While few companies have reported problems hiring well-paid pilots, other jobs — particularly working on the ground at airports — are a harder sell. “Be honest,” says one European industry executive. “Would you rather work for a supermarket at decent times on a regular shift, or get up at 2am and stand in the cold at an airport?”
Cotton says companies need to offer better job security, working standards and the chance of career progression to make the industry more appealing to prospective workers.
Yet the scale of the disruption hitting individual airlines does not perfectly correspond to the extent of job cuts. While easyJet has been particularly badly hit this year, it has nearly the same number of staff as it did in 2019. Wizz Air expects to have 6,700 staff by the end of the summer, up from 4,000 before the pandemic, but has still been forced to cancel flights.
The problems these airlines face are instead largely related to their supply chains, which are vulnerable to disruptions beyond their immediate control. While a passenger may only have contact with two brands, the airline and airport, the flight they take is operated by a tangle of companies, from providers of subcontracted check-in staff and baggage handlers, to airport security firms and third-party caterers.
Over the years, airlines have outsourced as many parts of the business as possible. When one link in the chain fails — and each part of the industry has suffered staffing problems this year — the fine margins airlines run on tend to break down.
Several airlines have blamed disruption on ground-handlers, which provide services from plane refuelling to check-in staff, for not having enough workers. But frustrated executives in those companies say the same airlines have for years squeezed margins on the contracts they offer.
Overselling the recovery
In the attempt to restore order, some in the industry have questioned a system that offered cut-price fares by focusing on efficiency above nearly all else. One European airline board member says it is clear that the system cannot run on 2019 margins anymore, but that introducing new slack to prevent future disruption will mean passengers should prepare for higher fares.

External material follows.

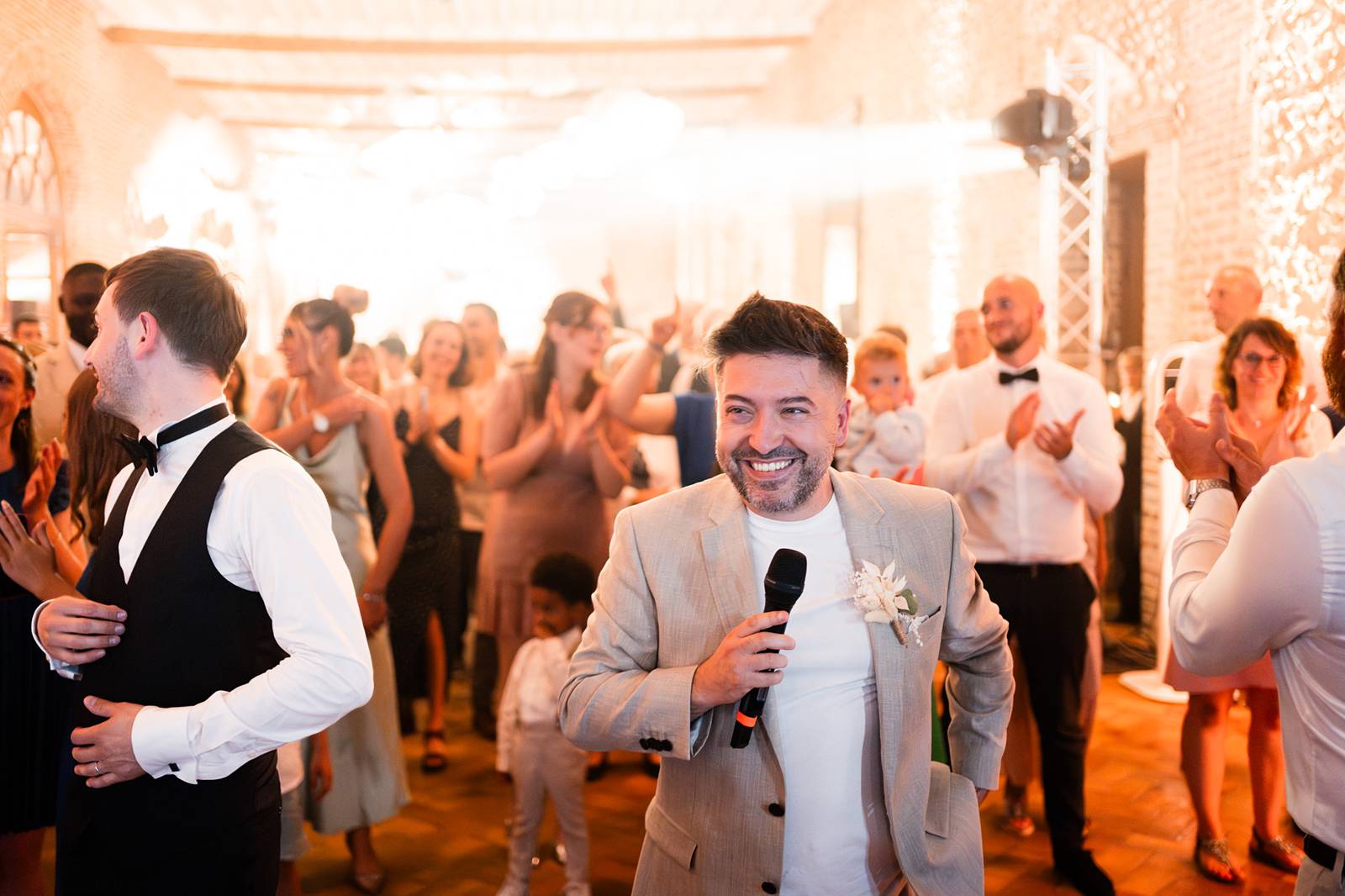 Mariage au Château de Courtalain, chic et bohème. Photos de la soirée de mariage en Eure-et-Loir.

Yet companies are still criticised for overestimating how many flights they will be able to operate this summer. Five weeks ago Lufthansa boss Carsten Spohr said his group was “mentally ticking off the crisis” as it forecast that it would carry more people this summer “than ever before”. But on Thursday the carrier said it would cancel 900 flights in July, blaming “bottlenecks and staff shortages” across the industry. In the UK transport secretary Grant Shapps accused airlines of having “seriously oversold flights and holidays” this month.
Europe’s air traffic control body has warned of problems stretching into July, while the region’s airlines expect the disruption to last well into the summer. Holland-Kaye went further, saying it could take 18 months to regain operational capacity.
Just about the only lever left for airline bosses is the hardest of all: try to fly less. Lufthansa’s decision to pare back its schedule mirrors an earlier decision by BA, which cut 10 per cent of its summer schedule to try to ensure its operations are more reliable. This has worked, for now, and the airline has been more resilient since.
Worryingly for an industry still in recovery, some travellers have already seen enough. Matthias Trost, a professor at Newcastle University, has been travelling to scientific conferences regularly again this year, but estimates that around half of his flights have been disrupted.
“We were all looking forward to going back to normality . . . but if you are travelling for 36 hours it is ridiculous,” he says. “I won’t book anything new”.